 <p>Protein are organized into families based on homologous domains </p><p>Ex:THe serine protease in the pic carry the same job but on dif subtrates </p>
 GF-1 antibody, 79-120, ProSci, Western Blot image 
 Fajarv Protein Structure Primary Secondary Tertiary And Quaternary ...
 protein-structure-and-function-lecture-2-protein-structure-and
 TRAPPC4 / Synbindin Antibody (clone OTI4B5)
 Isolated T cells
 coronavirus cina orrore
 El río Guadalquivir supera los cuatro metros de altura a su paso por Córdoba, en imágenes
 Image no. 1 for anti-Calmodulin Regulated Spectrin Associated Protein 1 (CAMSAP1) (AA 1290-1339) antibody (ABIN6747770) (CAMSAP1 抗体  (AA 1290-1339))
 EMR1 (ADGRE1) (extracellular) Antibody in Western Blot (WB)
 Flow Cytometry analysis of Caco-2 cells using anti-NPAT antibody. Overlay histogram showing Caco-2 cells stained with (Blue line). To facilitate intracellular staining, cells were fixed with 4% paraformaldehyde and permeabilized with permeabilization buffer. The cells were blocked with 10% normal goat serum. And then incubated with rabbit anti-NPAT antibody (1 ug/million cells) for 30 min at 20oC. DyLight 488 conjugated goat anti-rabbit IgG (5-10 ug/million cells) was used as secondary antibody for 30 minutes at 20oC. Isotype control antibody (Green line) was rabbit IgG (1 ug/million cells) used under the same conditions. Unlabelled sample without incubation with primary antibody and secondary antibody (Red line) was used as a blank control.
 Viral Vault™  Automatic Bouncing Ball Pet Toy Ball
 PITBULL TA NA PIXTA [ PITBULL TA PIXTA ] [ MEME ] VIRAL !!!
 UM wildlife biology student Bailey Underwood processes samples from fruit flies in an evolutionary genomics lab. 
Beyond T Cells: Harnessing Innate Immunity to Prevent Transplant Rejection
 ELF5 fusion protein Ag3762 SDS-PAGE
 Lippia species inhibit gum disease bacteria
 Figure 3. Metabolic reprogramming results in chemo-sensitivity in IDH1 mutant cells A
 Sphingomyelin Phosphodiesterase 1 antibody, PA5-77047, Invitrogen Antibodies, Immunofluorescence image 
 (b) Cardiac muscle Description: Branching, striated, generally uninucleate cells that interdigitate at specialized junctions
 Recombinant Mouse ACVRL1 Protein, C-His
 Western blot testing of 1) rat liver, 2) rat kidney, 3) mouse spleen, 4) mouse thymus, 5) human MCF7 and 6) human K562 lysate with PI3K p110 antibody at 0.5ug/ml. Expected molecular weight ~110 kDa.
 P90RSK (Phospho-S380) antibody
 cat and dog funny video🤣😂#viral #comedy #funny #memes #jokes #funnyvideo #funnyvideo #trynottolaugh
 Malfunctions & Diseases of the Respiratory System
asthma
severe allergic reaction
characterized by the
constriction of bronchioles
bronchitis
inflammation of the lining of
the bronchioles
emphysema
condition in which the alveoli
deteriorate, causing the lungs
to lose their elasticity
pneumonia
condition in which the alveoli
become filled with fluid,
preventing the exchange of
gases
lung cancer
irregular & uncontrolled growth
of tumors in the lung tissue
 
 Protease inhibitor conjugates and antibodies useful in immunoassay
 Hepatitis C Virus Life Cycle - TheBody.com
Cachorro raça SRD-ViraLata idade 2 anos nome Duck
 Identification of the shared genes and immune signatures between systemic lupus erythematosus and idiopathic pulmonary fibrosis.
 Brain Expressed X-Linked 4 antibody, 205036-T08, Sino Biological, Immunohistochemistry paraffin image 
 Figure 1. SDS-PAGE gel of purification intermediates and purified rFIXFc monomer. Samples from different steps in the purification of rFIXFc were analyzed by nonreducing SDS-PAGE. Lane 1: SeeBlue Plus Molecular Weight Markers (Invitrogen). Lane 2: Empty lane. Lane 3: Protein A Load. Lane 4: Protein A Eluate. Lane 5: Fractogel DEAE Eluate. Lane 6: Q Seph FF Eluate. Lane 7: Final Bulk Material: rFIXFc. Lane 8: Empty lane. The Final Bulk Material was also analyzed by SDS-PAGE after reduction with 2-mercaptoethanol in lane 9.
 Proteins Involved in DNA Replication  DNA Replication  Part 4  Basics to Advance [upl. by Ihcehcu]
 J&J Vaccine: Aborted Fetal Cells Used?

----------

- _Work to be completed_: Return, from the data, each line where the string "Western" occurs.

- _Result of this task_:
 GF-1 antibody, 79-120, ProSci, Western Blot image 
 EMR1 (ADGRE1) (extracellular) Antibody in Western Blot (WB)
 Western blot testing of 1) rat liver, 2) rat kidney, 3) mouse spleen, 4) mouse thymus, 5) human MCF7 and 6) human K562 lysate with PI3K p110 antibody at 0.5ug/ml. Expected molecular weight ~110 kDa.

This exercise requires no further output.